Assignment » A faithful copy is needed of the lines below from the one with "Pote Hermético Acrílico" up to and including the one with "Front view of"; set it down with no pictures and no other lines.

====== Data to use ======

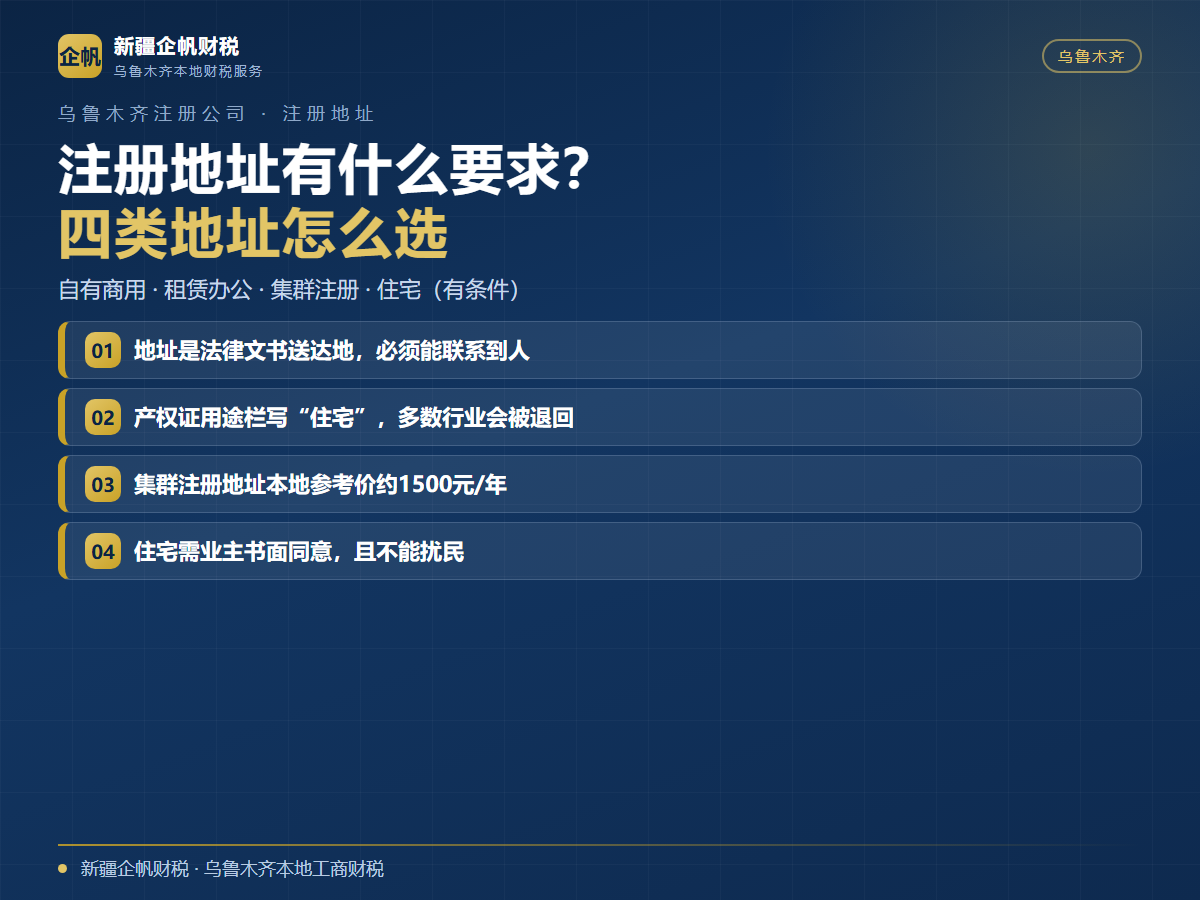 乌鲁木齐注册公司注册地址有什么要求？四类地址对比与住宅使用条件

======
====== Data to use ======

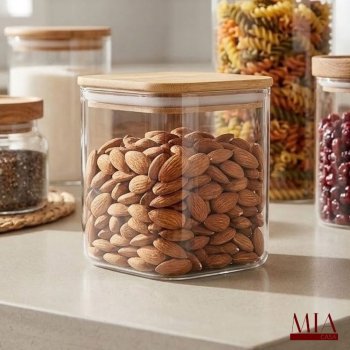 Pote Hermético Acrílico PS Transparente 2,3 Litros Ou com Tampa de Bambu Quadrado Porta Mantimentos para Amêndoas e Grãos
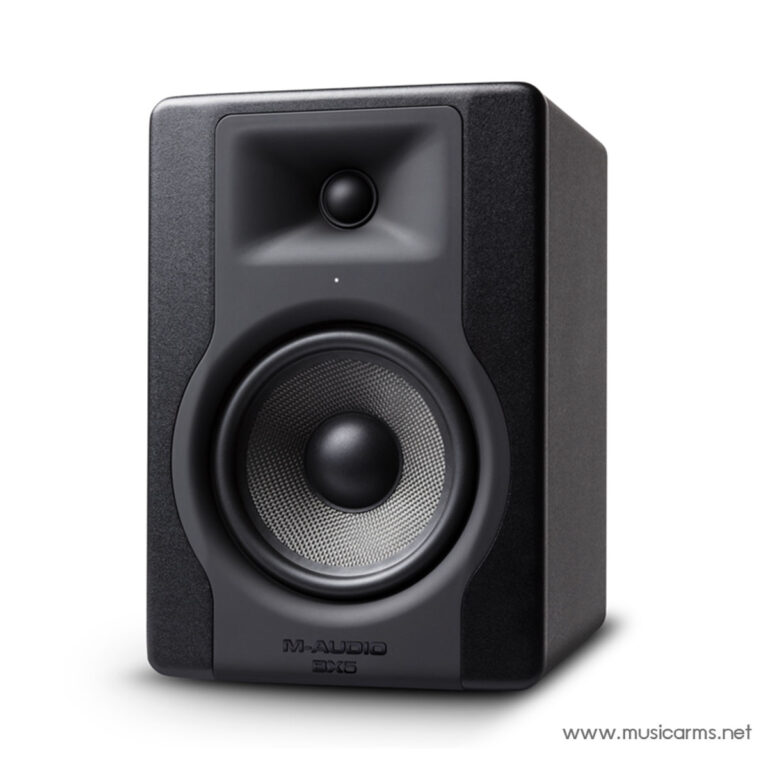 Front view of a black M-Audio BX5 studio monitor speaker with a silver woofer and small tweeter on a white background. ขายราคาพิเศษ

======
====== Data to use ======

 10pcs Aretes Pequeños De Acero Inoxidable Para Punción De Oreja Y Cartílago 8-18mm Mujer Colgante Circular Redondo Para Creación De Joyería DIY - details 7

======

Reply »
 Pote Hermético Acrílico PS Transparente 2,3 Litros Ou com Tampa de Bambu Quadrado Porta Mantimentos para Amêndoas e Grãos
 Front view of a black M-Audio BX5 studio monitor speaker with a silver woofer and small tweeter on a white background. ขายราคาพิเศษ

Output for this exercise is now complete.